Two useful expression features of rainbow enhancers make them excellent tools for transgenic research of teleost photoreceptors. First, unlike opsin cis-regulatory DNAs (Hamaoka et al., 2002; Takechi et al., 2003; Tsujimura et al., 2007), rainbow enhancers can be used to drive simultaneous transcription in zebrafish RGB cones; this expression pattern is particularly desirable either for studying cell-nonautonomous gene functions because transgenic manipulation of such genes in one member of the RGB cones may not result in apparent phenotypes due to rescuing effects by neighboring cells or for therapeutic gene expression in multiple types of cones. Second, to avoid potential adverse consequences of transgenic overexpression by opsin cis-regulatory DNAs, rainbow enhancers can be used to drive much more modest transcription (Figs. 3, ,44D,H).

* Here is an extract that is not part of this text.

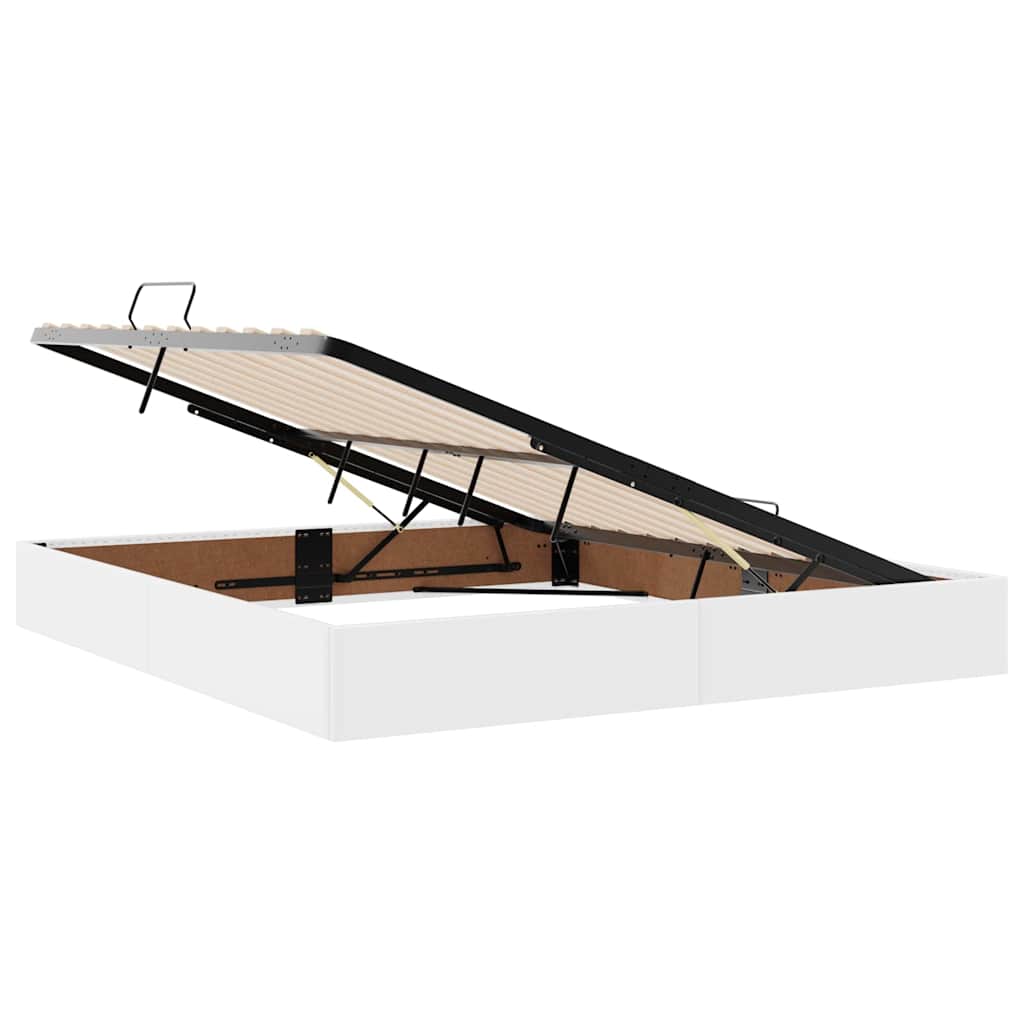 Förvaringssäng med LED Ren Vit 180 x 200 cm Konstläder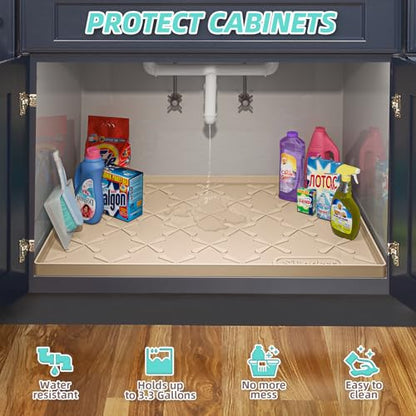 SIKADEER Waterproof Under Sink Mat 22" x 22" Silicone Mat Cabinet Protector - color: Beige, size: 22"W x 22"L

In conclusion, we have identified two teleost rainbow enhancers, the ponli and crb2b enhancers; to our knowledge, this is the first report of such enhancers with RGB cone-specific transcriptional activity in teleost retina. Our work provides a starting point from which to study rainbow enhancer-mediated transcription of ponli and crb2b and possibly other RGB cone-specific genes; these genes may collectively define RGB cones' distinct transcriptional profile and consequently their functions in initiating color vision.
This work was supported by the National Institutes of Health Grants P30EY008098, EY016099, EY025638, and R21EY023665, Eye and Ear Foundation of Pittsburgh, and Research to Prevent Blindness. We thank Lynne Sunderman for proofreading the manuscript.
The authors declare no competing financial interests.